To write down an equation that can successfully describe an electron in the hydrogen atom, it is necessary to convert the one-dimensional Schrödinger equation into an equation that works in three dimensions. The transition towards three dimensions mimics the corresponding generalization in classical mechanics, where equations are expressed in the $x,y,z$ coordinates in three dimensions. In classical mechanics, the Hamiltonian of a system is prescribed by

$$H=\frac{1}{2m}\left({{p}_{x}}^{2}+{{p}_{y}}^{2}+{{p}_{z}}^{2}\right) +V(x,y,z).$$

This is also true in QM, where now the time-dependent Schrödinger equation is

$$i\hbar \frac{\partial \Psi}{\partial t}= -\frac{{\hbar}^{2}}{2m}{\nabla}^{2}\Psi + V\Psi$$

or the time-independent case

$$E\Psi= -\frac{{\hbar}^{2}}{2m}{\nabla}^{2}\Psi + V\Psi$$

where ${\nabla}^{2}=\frac{{\partial}^{2}}{\partial {x}^{2}}+\frac{{\partial}^{2} }{\partial {y}^{2}}+\frac{{\partial}^{2} }{\partial {z}^{2}}$ is the Laplacian operator.

Since linearity still applies in 3D, all of the linear operators used in 1D that describe the momentum operators are still valid:

$${\hat{p}}_{x} = -i\hbar \frac{\partial}{\partial x}$$

$${\hat{p}}_{y} = -i\hbar \frac{\partial}{\partial y}$$

$${\hat{p}}_{z} = -i\hbar \frac{\partial}{\partial z}$$

It is customary in physics to break a higher-dimensional problem into its directional components, solve each component and reassemble the solutions. Since it is cumbersome to work in each $x,y,z$ component and the hydrogen atom is spherically symmetric, it is convenient to switch to a more efficient notation that will easily permit use of spherical coordinates. To this end, one can compile all spatial coordinates into a vector $\vec{r} =(x,y,z)$. A general wavefunction is now expressed as a superposition of energy eigenstates $\phi_n$ in three dimensions:

$$\Psi(\vec{r} , t) = \sum{ {c}_{n}{\psi}_{n}(\vec{r}) {e}^{-i{E}_{n}t/\hbar}}$$

where the wavefunctions evolve in some arbitrary potential $V(\vec{r})$.
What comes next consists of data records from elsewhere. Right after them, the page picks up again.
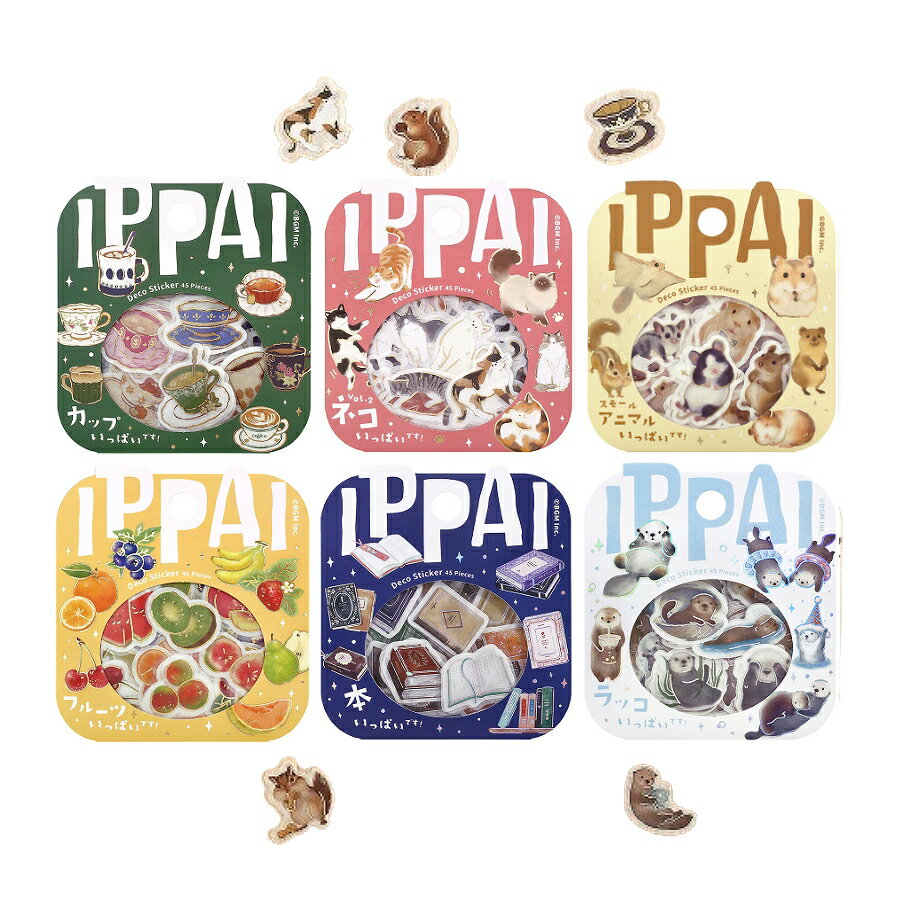 BGM フレークシール 箔押し IPPAI vol.5 全6種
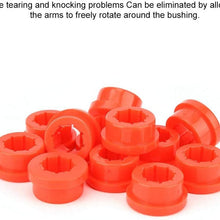 Bushings, 12pcs Replacement Bushings Lower Control Arm Rear Camber Fit for Civic Integra Red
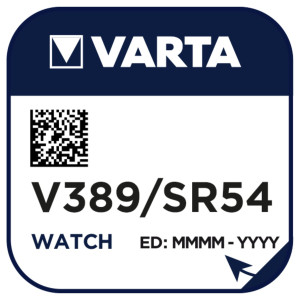 VARTA Silber Oxid Knopfzelle V389 / SR54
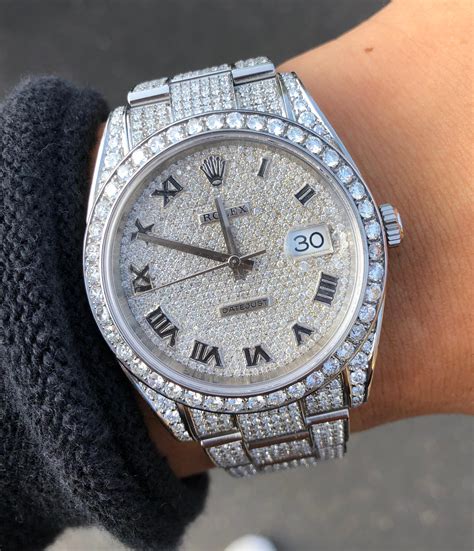 rolex iced watches|fully iced out rolex watch.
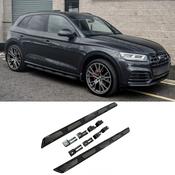 All Black STX Style Side Steps for Audi Q5 MK2 (2017+) — Body-Styling-Ireland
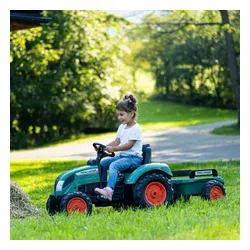 Falk Traktor Lander Zielony Na Pedały Z Przyczepką Od 3-7 Lat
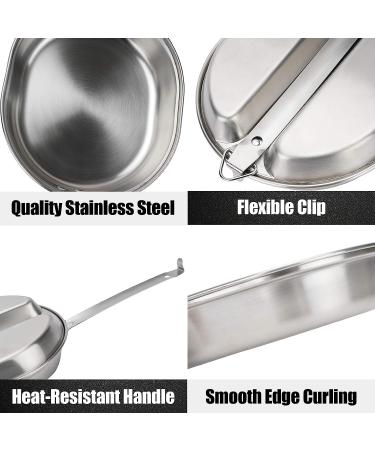 Stainless Steel Camping Cookware Lunch Box Set - Outdoor Mess Kit for Camping, Hiking, Picnic, BBQ & Beach - Buy Online on GoSupps.com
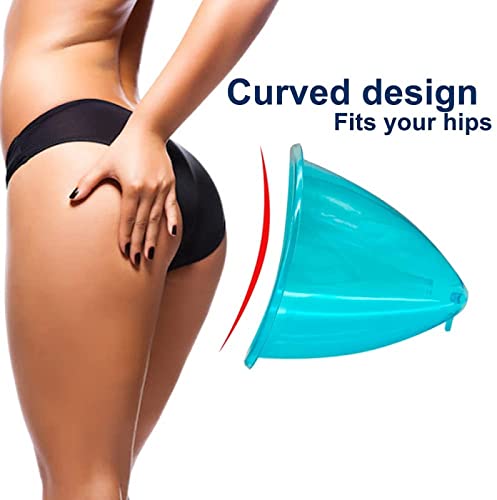Large Vacuum Cupping Cup,1 Pair Women Body Shaping Massager Therapy Suction Cups for Butt Vacuum Vupping Machine Accessories,Blue(180ML)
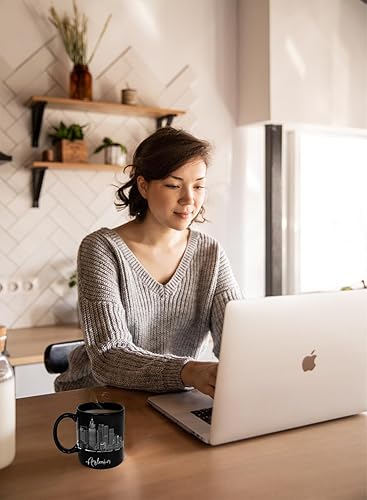 Miniatura 161 de Taza de cerámica Madrid Spain Skyline, taza blanca de recuerdo de Europa de 11 onzas, taza de café personalizada, regalo para cumpleaños, taza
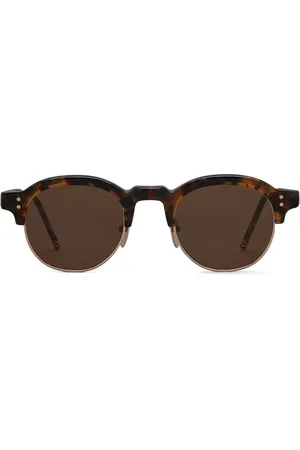 Thom Browne Tortoiseshell oval-frame sunglasses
As before, wavefunctions must be continuous and normalizable. In three dimensions, the single-dimensional integral for computing the normalization becomes a volume integral over all of space:

$$\int {\Psi}^{*}{\Psi}dV =1.$$

Since the hydrogen atom is spherically symmetric, at this point it is convenient to write the 3D Schrödinger equation in spherical coordinates $(r,\theta, \phi)$, which is the basis for solving the hydrogen atom and atomic orbitals. The geometric meaning of the spherical coordinates is displayed below:

Spherical coordinates $(r,\theta, \phi)$. The radius from the origin is given by $r$ while $\theta$ and $\phi$ give the angle with respect to the $z$ axis and angle of rotation around the $z$ axis, respectively.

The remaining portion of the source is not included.